Substantial question of law regarding membership of the club :

10. The substantial question of law as to whether the amount spent towards acquiring membership of the club is revenue or capital expenditure has already been answered by us in the connected appeals in IT Appeal Nos. 2975 of 2005 and connected cases, disposed of on 21st Oct., 2011 wherein the said question is answered against the Revenue and in favour of the assessee upholding the order of the Tribunal that the said expenditure is revenue in nature.

Substantial question of law regarding contribution made to traffic police :

11. So far as the finding of the Tribunal that contribution of Rs. 6.93 lakhs made towards traffic regulation can be claimed as deduction is also not justified as it is well settled that in order to claim deduction under s. 37 of the Act, the expenditure should be wholly for the purpose of business of the assessee and it is well settled that it is the duty of the police to regulate the traffic and the amount spent towards regulation of traffic can at the most be considered as donation as rightly held by the AO and cannot qualify as deduction under s. 37 of the Act. We are also supported by the decision of the Division Bench of this Court in CIT v. M.N. Swaminathan (Decd.) by LRs (2010) 47 DTR (Kar.) 359 wherein it is held that contribution made to traffic police would not qualify for deduction under s. 37 of the Act, Therefore, the said question of law is answered against the assessee and in favour of the Revenue.
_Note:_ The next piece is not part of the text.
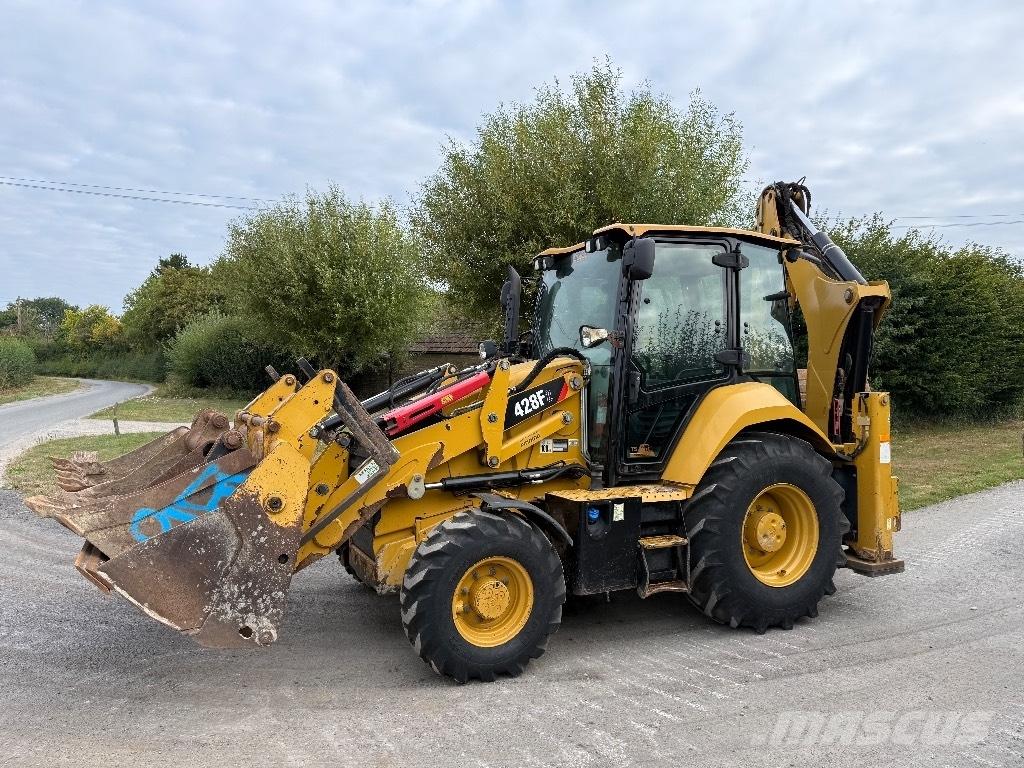CAT 428 F Terne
Substantial question of law (2) and (3) in IT Appeal No. 2973 of 2005 :

12. These questions involve validity of the order of the Tribunal holding that the expenses of Rs. 15,89,613 incurred by the assessee towards brick works, cement. plastering, painting walls, laying ceramic tiles, MS grill, internal sanitary fixtures, sewerage works, supply and fixing of water supply pipes on the leased premises etc. would not amount to major repairs. The AO held that the said expenditure of Rs. 15,89,613 incurred on the extensive repairs are enduring in nature and therefore it should be treated as capital expenditure in view of the decision of the Hon’ble Supreme Court in Ballimal Naval Kishore v. CIT (supra). The appellate authority held that the said expenditure incurred by the assessee towards renovation of the premises taken by it on lease for a period of six years, no advantage of enduring benefit is derived. The appellate authority further held that the said repairs are carried out by the assessee in a leased building for the purpose of business and confirmed the order passed by the AO holding that the expenditure incurred by the assessee is capital expenditure. However, allowed the depreciation at the rate applicable to the buildings. However, Tribunal has held that the said expenditure is not of any enduring nature and having regard to the explanation offered by the assessee that the premises required repairs when it was taken on lease and in order to improve the ambience of the office of the assessee to be housed, it was necessary to carry out the repairs as the same was necessary for the purpose of business specially in the business of software where there is stiff competition and mere fact that enduring benefit itself would not be a factor to be decided as to whether it is a capital or revenue expenditure. The Tribunal has held that the said amount cannot be said to be a capital expenditure and is only a revenue expenditure and decision of the Supreme Court in Ballimal’s case cited supra is not applicable to the facts of the case.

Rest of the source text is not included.